The northern water rat (Paraleptomys rufilatus) is an endangered species of rodent in the family Muridae found in the highlands of New Guinea.

==Distribution==
The northern water rat is a rodent of the genus Paraleptomys appearing on New Guinea. This species is found at altitudes of 1200–1800 m in the North Coast Ranges, the mountains Mount Dafonsero (Cyclops Mountains, Indonesia), Mount Somoro (Torricelli Mountains, Papua New Guinea) and Mount Benawa (Bewani mountains, Papua New Guinea). This species has a small, fragmented distribution and is probably quite rare. They are probably partly active during the day.
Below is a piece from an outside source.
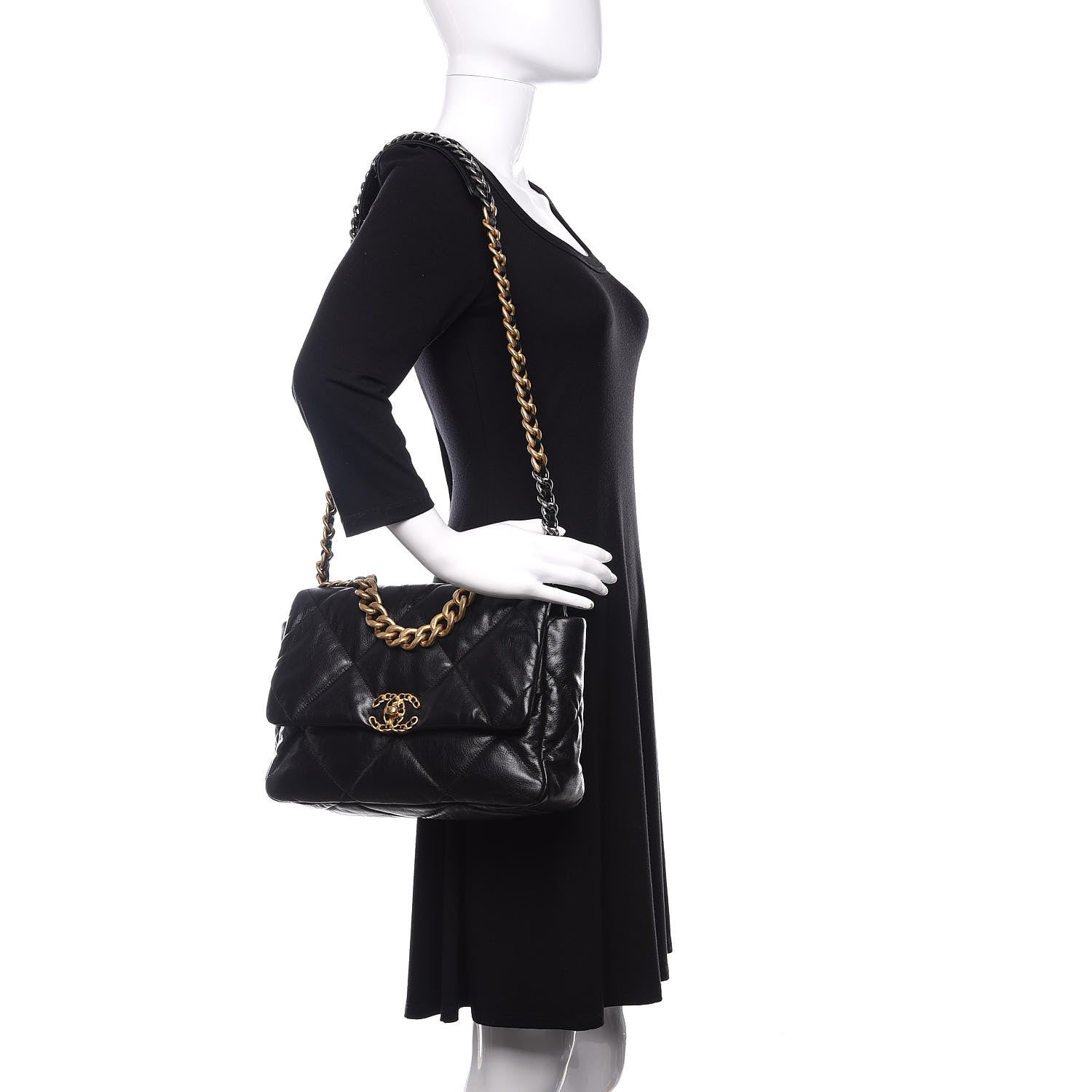 Chanel Lambskin Quilted Large 19 Flap Black 2 of 10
By Olo (the local tribe on Mount Somoro in Sandaun Province), this animal is referred to as "timbri".

==Description==
P. rufilatus is larger than the other species of the genus, P. wilhelmina, and is less uniform in colour; the throat is white and the flanks are orange-like, while both body parts are brown in P. wilhelmina. The head-body length is 118–135 mm, tail length 127–146 mm, the hind foot length 30–35 mm, ear length 17–20 mm and weighs 54–58 g.